**** DATA SHOWN ****
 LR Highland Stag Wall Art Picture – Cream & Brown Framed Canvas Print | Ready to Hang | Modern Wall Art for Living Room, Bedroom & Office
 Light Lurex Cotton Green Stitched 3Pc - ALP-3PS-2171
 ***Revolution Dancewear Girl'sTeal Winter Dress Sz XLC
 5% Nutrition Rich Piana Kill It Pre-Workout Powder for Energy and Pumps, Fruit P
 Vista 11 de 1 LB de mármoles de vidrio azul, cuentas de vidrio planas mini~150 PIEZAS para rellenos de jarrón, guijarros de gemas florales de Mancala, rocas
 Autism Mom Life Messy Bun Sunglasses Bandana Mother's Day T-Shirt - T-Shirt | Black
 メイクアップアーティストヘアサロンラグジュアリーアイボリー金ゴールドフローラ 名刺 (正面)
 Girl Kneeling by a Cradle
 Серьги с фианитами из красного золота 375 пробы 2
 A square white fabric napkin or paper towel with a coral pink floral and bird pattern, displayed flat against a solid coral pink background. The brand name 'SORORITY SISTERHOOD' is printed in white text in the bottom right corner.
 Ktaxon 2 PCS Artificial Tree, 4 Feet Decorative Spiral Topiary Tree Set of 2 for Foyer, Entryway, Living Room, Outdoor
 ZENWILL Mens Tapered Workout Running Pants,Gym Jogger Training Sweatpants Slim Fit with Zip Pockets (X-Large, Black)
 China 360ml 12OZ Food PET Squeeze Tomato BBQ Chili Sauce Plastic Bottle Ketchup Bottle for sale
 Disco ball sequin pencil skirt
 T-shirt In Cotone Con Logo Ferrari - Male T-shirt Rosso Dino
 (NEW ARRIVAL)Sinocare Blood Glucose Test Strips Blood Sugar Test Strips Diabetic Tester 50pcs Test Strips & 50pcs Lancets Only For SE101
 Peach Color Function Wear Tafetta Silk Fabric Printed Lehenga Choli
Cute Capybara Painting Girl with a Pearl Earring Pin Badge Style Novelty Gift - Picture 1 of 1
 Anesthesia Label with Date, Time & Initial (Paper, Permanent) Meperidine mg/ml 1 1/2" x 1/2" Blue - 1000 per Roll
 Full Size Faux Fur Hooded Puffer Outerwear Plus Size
****
EXERCISE OBJECTIVE:
Which lines run from the one holding "Vista 11 de" through the one holding "A square white" in the records above? Repeat them exactly, both included, and nothing more.

WRITTEN ANSWER:
 Vista 11 de 1 LB de mármoles de vidrio azul, cuentas de vidrio planas mini~150 PIEZAS para rellenos de jarrón, guijarros de gemas florales de Mancala, rocas
 Autism Mom Life Messy Bun Sunglasses Bandana Mother's Day T-Shirt - T-Shirt | Black
 メイクアップアーティストヘアサロンラグジュアリーアイボリー金ゴールドフローラ 名刺 (正面)
 Girl Kneeling by a Cradle
 Серьги с фианитами из красного золота 375 пробы 2
 A square white fabric napkin or paper towel with a coral pink floral and bird pattern, displayed flat against a solid coral pink background. The brand name 'SORORITY SISTERHOOD' is printed in white text in the bottom right corner.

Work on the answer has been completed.